Il s'est chargé de trois affaires fort équivoques qui feront grand tort à la cause des Sirven. Il y a un parti violent contre lui. On a surtout prévenu les deux Tronchin. On s'irrite de le voir invoquer une loi cruelle contre les protestants mêmes qu'il a défendus. On dit que sa femme étant née protestante devait réclamer cette loi moins qu'une autre. On prétend que l'acquéreur de la terre de Canon est de bonne foi, et que les terres en Normandie ne se vendent jamais plus que le denier vingt. On assure que le brevet obtenu par l'acquéreur le met à l'abri de toutes recherches, et que la même faveur qui lui a fait obtenir son brevet lui fera gagner sa cause.
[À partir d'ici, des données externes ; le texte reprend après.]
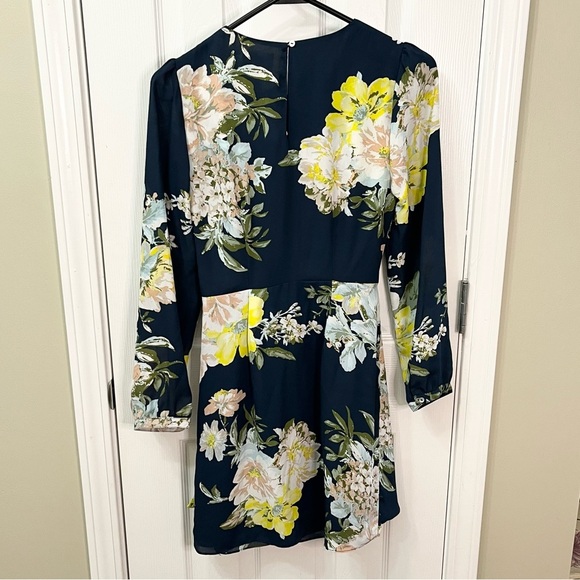 NWT Socialite Floral Mini Dress Women’s Size XS - Picture 5 of 9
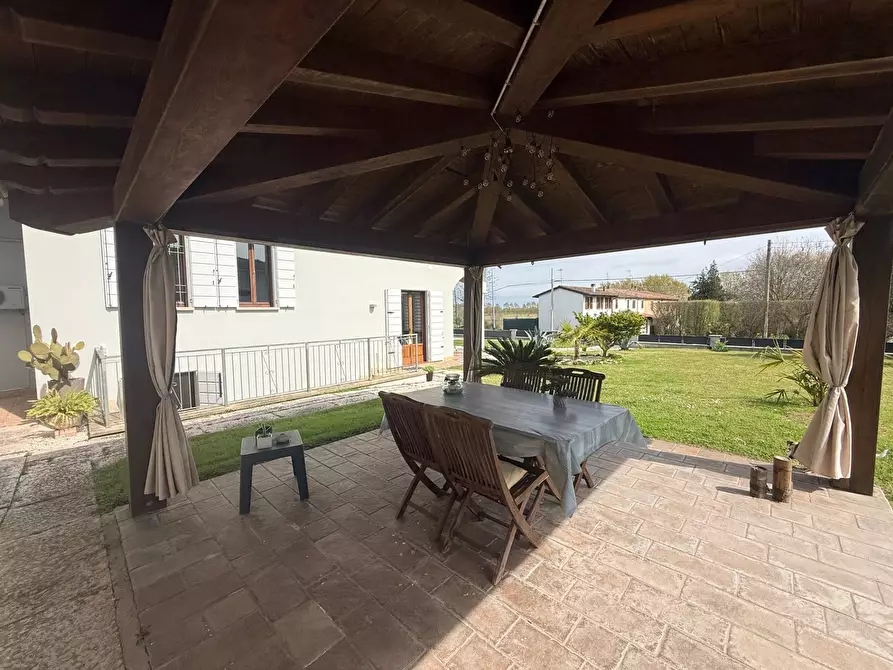 Immagine 60 di Casa indipendente in vendita  a Casalmoro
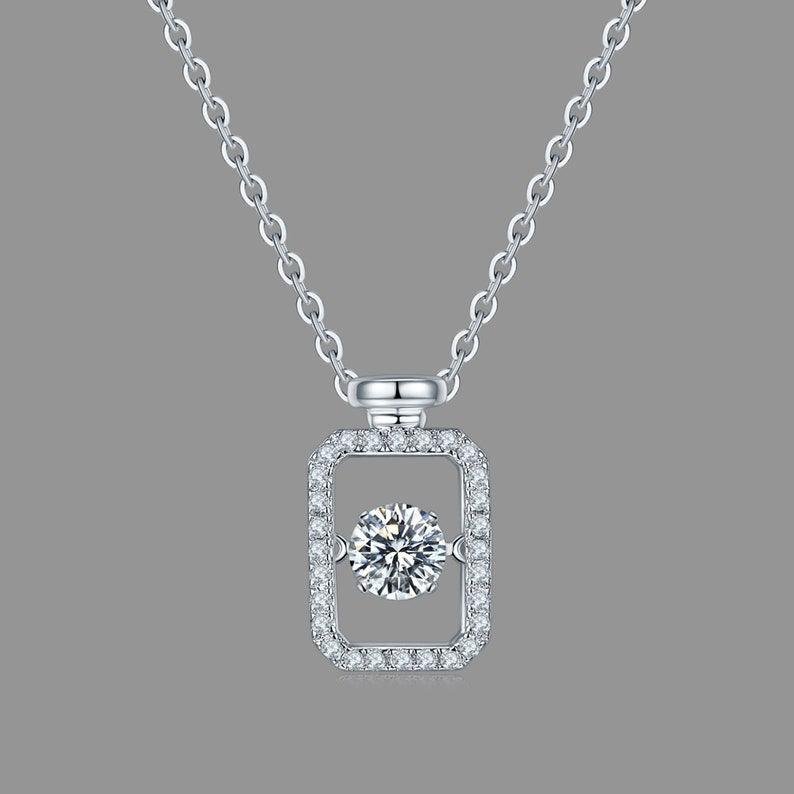 Shimmerig Brilliance: 0.5ct Moissanite Pendant | Fine jewelry | Elegant design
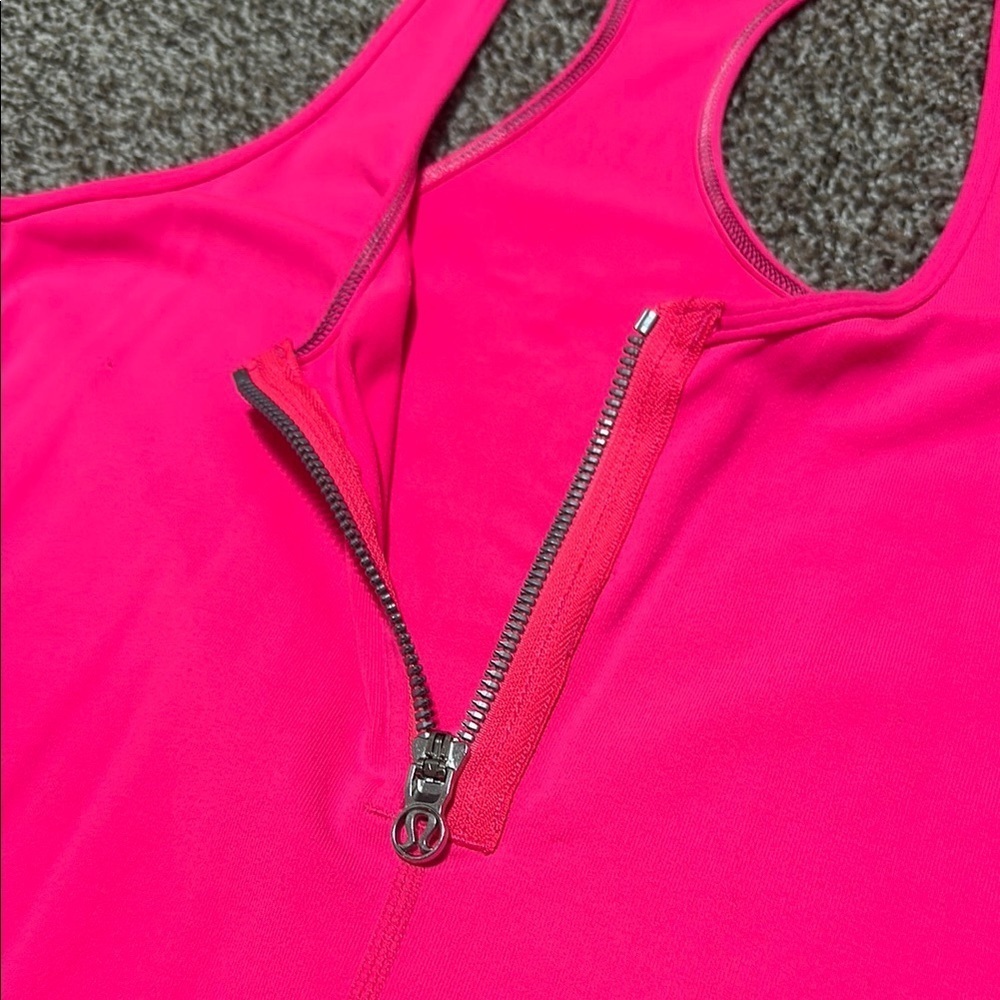 Lululemon Pink Racerback Tank Top with front zipper. No size tag. Fits size 6/M - Picture 6 of 9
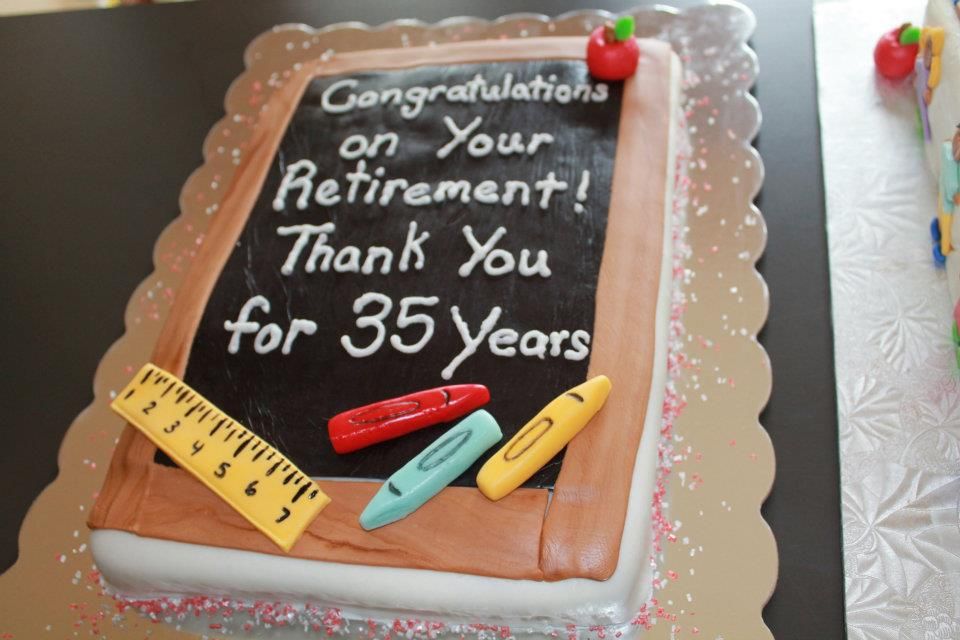 retirement cakes ideas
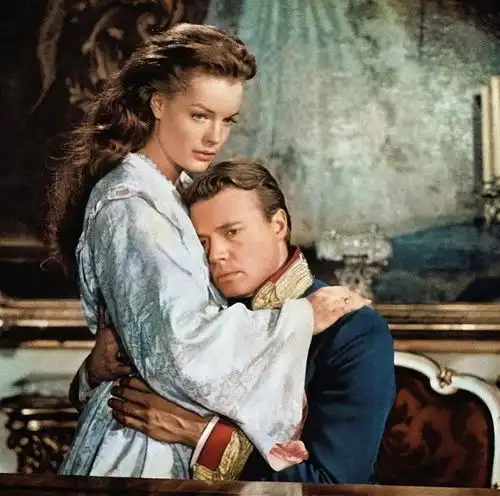 索菲夫人是茜茜公主的恶婆婆,也是撑起哈布斯堡王朝的女人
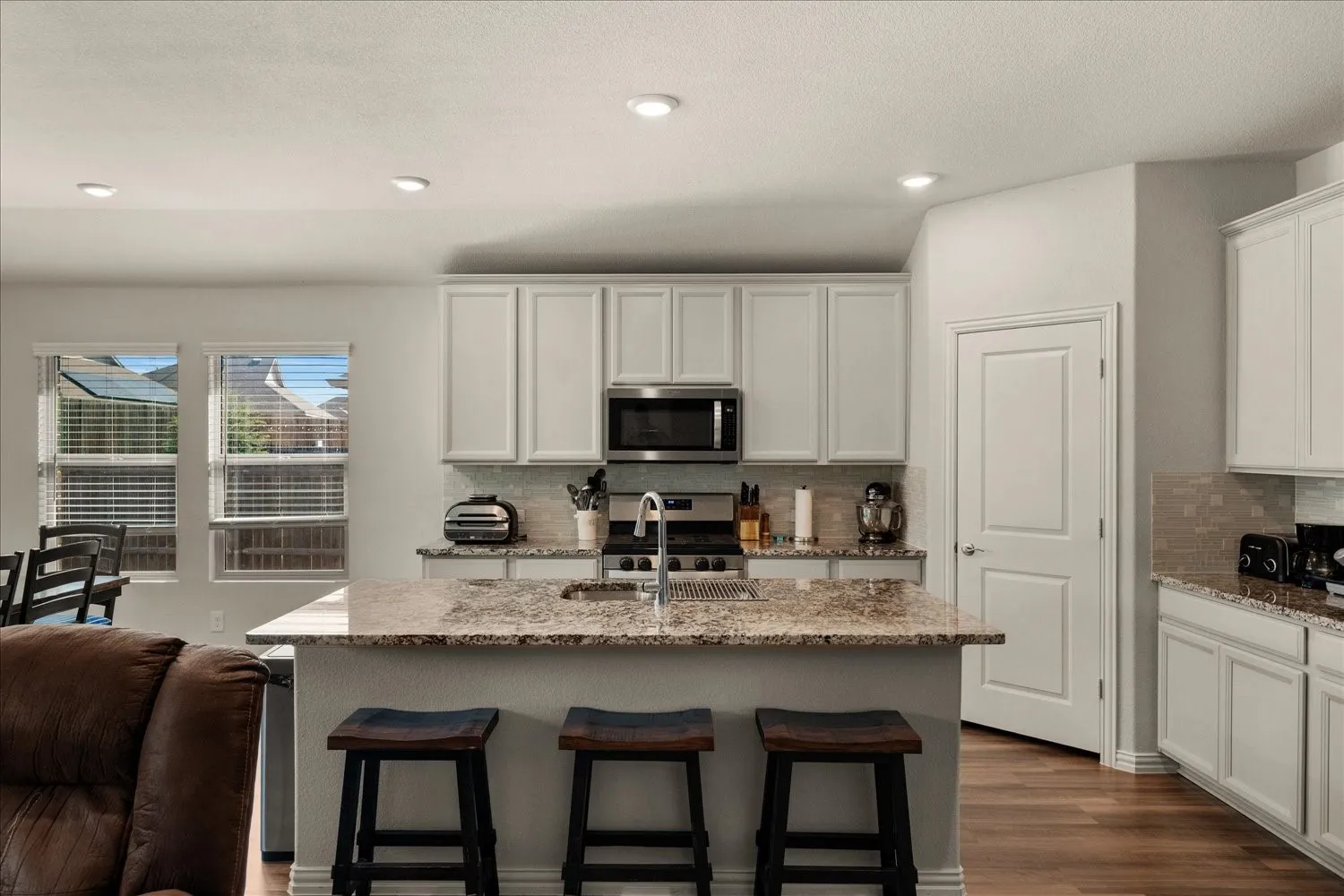 Single Family Residence For Sale in Collin County , 756 Cascade Lane, Princeton, Texas 75407, 4 Bedroom, 3 Bathroom, 2 Garage spaces, 2,263 Sqft, built in 2020, mls#21371123, Real Estate Agent in Princeton, Homes For Sale in Collin county, Homes For Sale in Princeton, Realtor in Princeton Texas, Real Estate Brokerage Independent Realty Texas, Luminita Cordes Realtor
Je vous confie mes alarmes. L'odieux qu'on jette sur cette affaire nuira beaucoup à celle des Sirven; je le vois évidemment, mais plus nous attendrons plus nous trouverons le public refroidi; et d'ailleurs les démarches que j'ai faites, exigent absolument que le mémoire soit imprimé sans délai; si m. de Beaumont est à la campagne, il n'a d'autre parti à prendre que de vous confier le mémoire que vous feriez imprimer par Merlin. Il se serait mieux vendu s'il avait paru avant l'affaire de m. de la Luzerne. C'est un malheur attaché au mérite; mais les Sirven en souffriront. N'importe, il faut aller en avant. La protection de messieurs les ducs de Choiseul et de Praslin nous soutiendra. Nous aurons la protection de m. le comte le St Florentin. Enfin nous sommes engagés et nous n'avous pas un moment à perdre.a
J'ai reçu enfin le certificat de m. Deodati. J'aurai celui de Lacombe par le premier ordinaire. Il est essentiel de confondre la calomnie, car en brisant une de ses fléches on brise toutes les autres. Il paraît tous les jours des livres qu'on ne manque pas de m'imputer. Il faudrait que je ressemblasse à Edras, et que je dictasse jour et nuit pour faire la 10e partie des écrits dont l'imposture me charge. On poursuit avec acharnement ma vieillesse, on empoisonne mes derniers jours. Je n'ai d'autre ressource que dans la vérité; il faut qu'elle paraisse du moins aux yeux des ministres; ils jugeront de toutes ces calomnies par celles de l'éditeur de mes prétendues lettres. C'est un service qu'il m'aura rendu et qui pourra servir de bouclier contre les traits dont on accable les pauvres philosophes.
a Est il bien vrai qu'on a mené à la Bastille deux hommes pris à Nancy qu'on dit s'être défendu longtemps contre les preneurs.a
On a annoncé le livre de Freret dans la Gazette d'Avignon; on y dit à la vérité que c'est un livre dangereux, mais qu'il y a beaucoup de modération et de profondeur.b
Adieu, mon cher ami, je vous embrasse aussi tendrement que je vous regrette.
Je vous demande en grâce de m'envoyer par la première poste le factum de m. de la Roque contre m. de Beaumont, car je veux absolument juger ce procès au tribunal de ma conscience.